-- Opening Marker --

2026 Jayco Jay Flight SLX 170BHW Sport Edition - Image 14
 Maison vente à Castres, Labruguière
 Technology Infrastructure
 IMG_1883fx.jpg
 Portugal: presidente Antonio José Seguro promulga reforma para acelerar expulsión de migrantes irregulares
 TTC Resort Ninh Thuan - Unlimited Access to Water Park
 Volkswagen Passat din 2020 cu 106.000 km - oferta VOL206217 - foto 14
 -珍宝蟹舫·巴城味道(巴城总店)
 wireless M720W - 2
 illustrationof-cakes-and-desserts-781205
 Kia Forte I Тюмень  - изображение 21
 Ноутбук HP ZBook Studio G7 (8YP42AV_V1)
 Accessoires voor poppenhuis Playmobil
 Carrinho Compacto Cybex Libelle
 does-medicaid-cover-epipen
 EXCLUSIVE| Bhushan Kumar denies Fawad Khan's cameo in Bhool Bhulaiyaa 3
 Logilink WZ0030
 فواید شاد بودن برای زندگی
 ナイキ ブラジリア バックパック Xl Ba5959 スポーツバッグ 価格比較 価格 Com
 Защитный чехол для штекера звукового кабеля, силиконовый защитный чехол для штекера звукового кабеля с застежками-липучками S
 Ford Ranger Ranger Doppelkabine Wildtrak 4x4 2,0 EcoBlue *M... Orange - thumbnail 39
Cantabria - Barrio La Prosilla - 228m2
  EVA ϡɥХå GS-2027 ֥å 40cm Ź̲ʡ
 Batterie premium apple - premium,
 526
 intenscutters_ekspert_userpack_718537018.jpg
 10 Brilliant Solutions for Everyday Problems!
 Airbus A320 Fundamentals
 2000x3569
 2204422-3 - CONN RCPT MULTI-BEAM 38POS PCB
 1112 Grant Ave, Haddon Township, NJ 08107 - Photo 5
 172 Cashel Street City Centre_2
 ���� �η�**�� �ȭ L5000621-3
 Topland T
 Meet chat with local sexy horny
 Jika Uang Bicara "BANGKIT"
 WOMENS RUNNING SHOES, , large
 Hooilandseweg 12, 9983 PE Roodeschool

-- Closing Marker --

» Try it: A verbatim restatement of all the entries above is required.

» Solution below:
2026 Jayco Jay Flight SLX 170BHW Sport Edition - Image 14
 Maison vente à Castres, Labruguière
 Technology Infrastructure
 IMG_1883fx.jpg
 Portugal: presidente Antonio José Seguro promulga reforma para acelerar expulsión de migrantes irregulares
 TTC Resort Ninh Thuan - Unlimited Access to Water Park
 Volkswagen Passat din 2020 cu 106.000 km - oferta VOL206217 - foto 14
 -珍宝蟹舫·巴城味道(巴城总店)
 wireless M720W - 2
 illustrationof-cakes-and-desserts-781205
 Kia Forte I Тюмень  - изображение 21
 Ноутбук HP ZBook Studio G7 (8YP42AV_V1)
 Accessoires voor poppenhuis Playmobil
 Carrinho Compacto Cybex Libelle
 does-medicaid-cover-epipen
 EXCLUSIVE| Bhushan Kumar denies Fawad Khan's cameo in Bhool Bhulaiyaa 3
 Logilink WZ0030
 فواید شاد بودن برای زندگی
 ナイキ ブラジリア バックパック Xl Ba5959 スポーツバッグ 価格比較 価格 Com
 Защитный чехол для штекера звукового кабеля, силиконовый защитный чехол для штекера звукового кабеля с застежками-липучками S
 Ford Ranger Ranger Doppelkabine Wildtrak 4x4 2,0 EcoBlue *M... Orange - thumbnail 39
Cantabria - Barrio La Prosilla - 228m2
  EVA ϡɥХå GS-2027 ֥å 40cm Ź̲ʡ
 Batterie premium apple - premium,
 526
 intenscutters_ekspert_userpack_718537018.jpg
 10 Brilliant Solutions for Everyday Problems!
 Airbus A320 Fundamentals
 2000x3569
 2204422-3 - CONN RCPT MULTI-BEAM 38POS PCB
 1112 Grant Ave, Haddon Township, NJ 08107 - Photo 5
 172 Cashel Street City Centre_2
 ���� �η�**�� �ȭ L5000621-3
 Topland T
 Meet chat with local sexy horny
 Jika Uang Bicara "BANGKIT"
 WOMENS RUNNING SHOES, , large
 Hooilandseweg 12, 9983 PE Roodeschool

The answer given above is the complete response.